Pubdate: Fri, 18 Jan 2008
Source: Huntsville Times (AL)
Copyright: 2008 The Huntsville Times
Author: John Ehinger, for the editorial board.
Bookmark: (Students - United States)
Bookmark: (Drug Testing)


Madison's Plan Could Be Worse, But That Isn't Saying Much

The superintendent of Madison City Schools has worked hard to come up 
with a fair and rational drug testing policy for students. His 
efforts have eased some concerns, perhaps even most concerns. But the 
proposed policy remains flawed. It may not violate basic 
constitutional protections, but it pushes government power right up 
to the very edge of individual liberty.

If passed, the policy would apply only to students - middle and high 
schoolers - who drive to school or participate in extracurricular 
activities. The test involves a saliva sample, which removes the 
humiliation of having to urinate in a jar, as some programs require.

The tests would be given at random. A student and a student's parent 
or guardian would have to give permission ahead of time. Where the 
student or parent refused to give permission, the student couldn't 
get a parking pass or take part in covered activities.

So what happens if a student refuses the test or has a positive 
result? Nobody calls the police, and the student is not expelled or 
suspended. Instead, depending on the number of positive tests or 
refusals, the student would be subject to a series of penalties 
relating to extracurricular activities and parking.

For a fourth positive test or refusal, the student would be banned 
from activities and denied parking privileges for as long as that 
student attends Madison schools. A system would be in place for a 
student to re-enter the testing program and regain lost privileges.

The policy would treat refusal to take the test the same way it 
treats a positive result. It wouldn't matter if the student refused 
merely because he or she objected to the policy. The outcome - and 
the resulting stigma - would be the same.

At the same time, it would be possible for a student to be a heavy 
drug user or even a drug dealer and still be in the school system 
unless other circumstances (possession, sale or evidence of use) came 
into play.

Superintendent Dee Fowler and other officials have built in a number 
of safeguards against false positive results and so forth.

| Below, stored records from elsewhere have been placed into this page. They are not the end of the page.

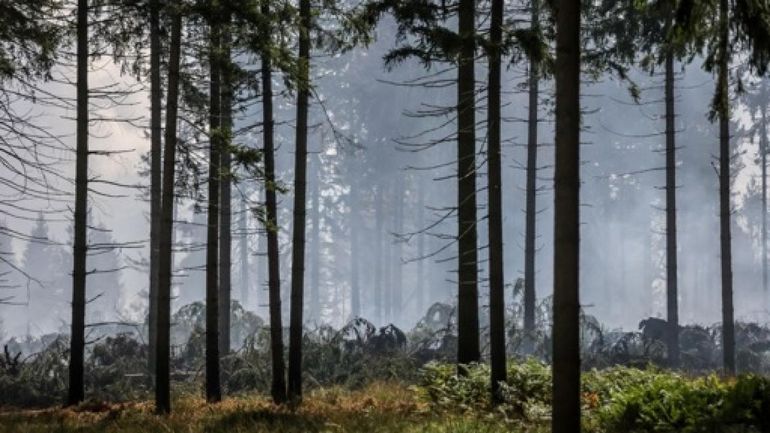 Incendie dans les Hautes Fagnes - Une route de ballast circulaire permet désormais de faire le tour de l'incendie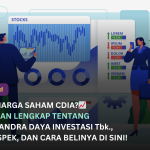 Pengertian, Pemilik, Prospek, Prediksi, Jumlah, Cara Beli dan Harga Saham CDIA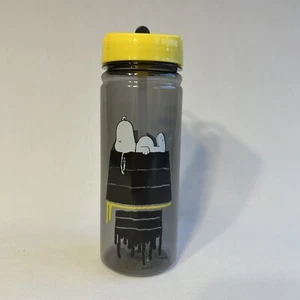 Peanuts Snoopy Water Bottle Straw 19 Ounce Doghouse 8" Tall Melting Doghouse - Picture 1 of 12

They are 
very specific in the application of the policy only to students in 
extracurricular activities or who drive to school. But that is not 
because a broader policy necessarily offends officials' 
sensibilities. Rather, it's because the U.S. Supreme Court has drawn 
the line at such testing.

One-way street

Nothing in the policy provides any treatment for those who test 
positive. Fowler has said treatment isn't the school system's role. 
Indeed, it is not, but neither is it the system's role to try to 
combat every alarming trend in society as a whole or to attempt to 
overcome the effects of negligent parenting. Even if testing were 
necessary or desirable, wouldn't treatment or counseling meet the 
same standard?

Editorials on this page have supported drug-testing for cause. Random 
drug testing of students goes too far. The provisions applying it to 
extracurricular activities and to parking are merely legal cover.

If parents relinquish this power to the system of public education, 
what might they relinquish next? Without evidence of wrongdoing, the 
erosion of both rights and the individual's privacy hurtles society 
down what history has shown all too often to be a one-way street.

What the Madison school board proposes could be worse, but that's 
hardly a recommendation.

By John Ehinger, for the editorial board.